Former minister and journalist Conor Cruise O'Brien dies
The death has taken place of the former Cabinet minister and journalist, Conor Cruise O'Brien, who was Minister for Posts and Telegraph during the Fine Gael/Labour coalition in the 1970s.
Born in Dublin in 1917, Mr Cruise O'Brien was one of the leading intellectual lights of the Labour Party during the 1960s, following a career as a civil servant in the Department of Finance and later the Department of External Affairs.
He later joined the United Nations and attracted the attention of leading figures there, before he was given a key in the organisation's difficult operation in the Congo in 1960 and 1961 by the then UN Secretary-General, Dag Hammarksjold.
He developed a successful academic career later before returning to Ireland, where he became a leading player in the Labour Party in the late 1960s alongside counterparts such as David Thornley and Justin Keating.
Expressing condolences tonight, Taoiseach Brian Cowen said Mr Cruise O'Brien had been "a leading figure in Irish life in many spheres since the 1960s", displaying a wide array of talents in politics, academia and journalism.
"(He) was blessed with a strong intellect and he was a man of strong convictions," he said, adding that Mr Cruise O'Brien's "political views were not always in accordance with those of my own party over the years I never doubted his sincerity or his commitment to a better and more peaceful Ireland".
Minister for Foreign Affairs Micheál Martin said Mr Cruise O'Brien had made a “remarkable contribution to Irish life over many decades”.
“He was a scholar and writer of international distinction, an outstanding diplomat in the service both of Ireland and of the United Nations, and a robust and highly influential participant in the politics of our island. He was a man of undoubted courage and brilliance,” he added.
Labour leader Eamon Gilmore said Ireland had lost “an intellectual giant and one of the most remarkable Irish public figures of the 20th century”. He said he had “marked up a huge range of achievements during his long and varied life”.
”Up to the time of his death Conor was still a member of the Labour Party. On behalf of the Labour Party, I wish to extend my deepest sympathy to his wife Maire MacantSaoi and to his family,” Mr Gilmore added.
During his time in the Seanad and the Dail, Mr Cruise O'Brien strongly opposed the sacking of the RTE Authority for which he was roundly praised by media, though he attracted the ire of many of them subsequently when he introduced Section 31 of the Broadcasting Act.
Later, he coined the phrase, GUBU, short for 'grotesque, unbelievable, bizarre and unprecedented", to describe the events surrounding the arrest of double murderer, Malcolm McArthur in the home of the then-Attorney General, Patrick Connolly.

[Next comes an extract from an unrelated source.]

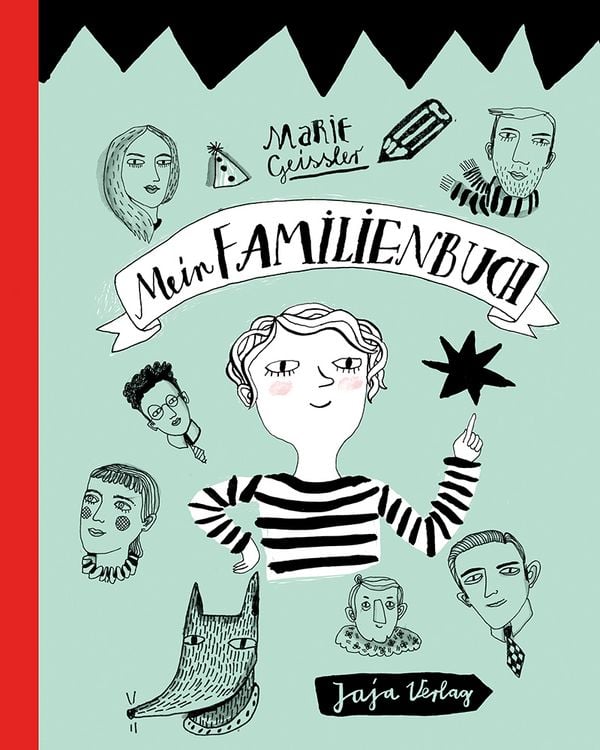 Produktbild: Mein Familienbuch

He was strongly opposed to Fianna Fail's Charles Haughey and questioned his integrity and conduct years before any evidence emerged that Mr Haughey had taken large sums from wealthy businessmen. Mr Cruise O'Brien was permanently opposed to militant Republicanism and won some major internal battles within the Labour Party on the issue, though he lost his spokesmanship on Northern Ireland to Frank Cluskey after he lost his seat in the 1977 general election.
He is survived by his wife Maire, by their adopted son Patrick, adopted daughter Margaret, his daughter Fedelma and son Donal from his first marriage. His daughter by his first marriage, Kate, pre-deceased him.